::: Provided information :::

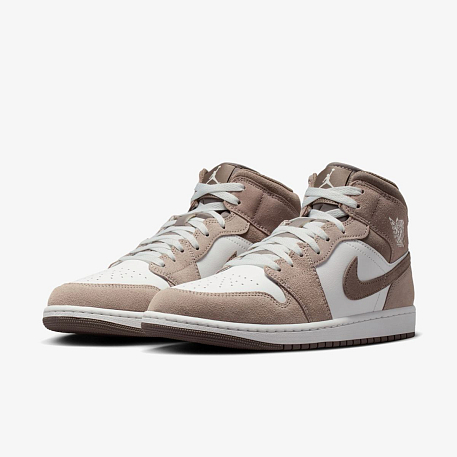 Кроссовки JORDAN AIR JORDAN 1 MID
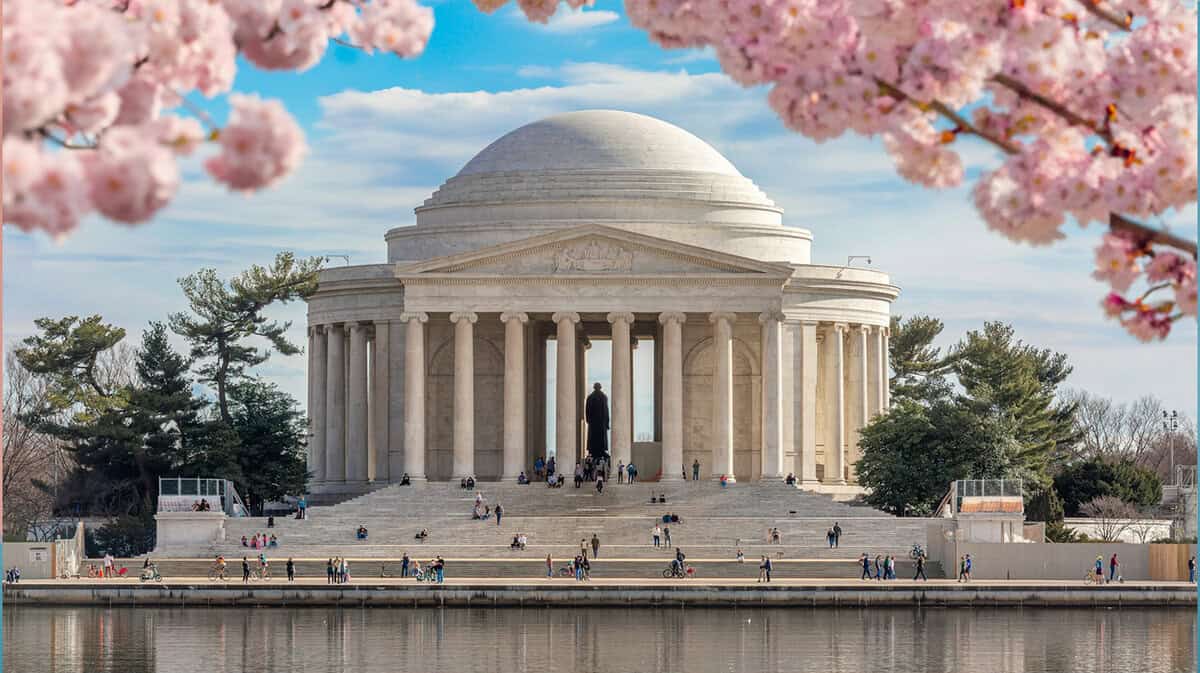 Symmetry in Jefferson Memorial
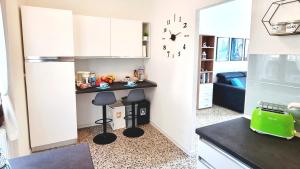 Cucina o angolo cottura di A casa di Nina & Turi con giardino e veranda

:::
::: Provided information :::

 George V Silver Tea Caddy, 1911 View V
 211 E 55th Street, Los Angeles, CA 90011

:::

Exercise:
Out of the records above, return only the lines from the one with "Кроссовки JORDAN AIR JORDAN 1 MID" through the one with "Cucina o angolo", exactly, and none of the pictures.

Output for this task:
 Кроссовки JORDAN AIR JORDAN 1 MID
 Symmetry in Jefferson Memorial
 Cucina o angolo cottura di A casa di Nina & Turi con giardino e veranda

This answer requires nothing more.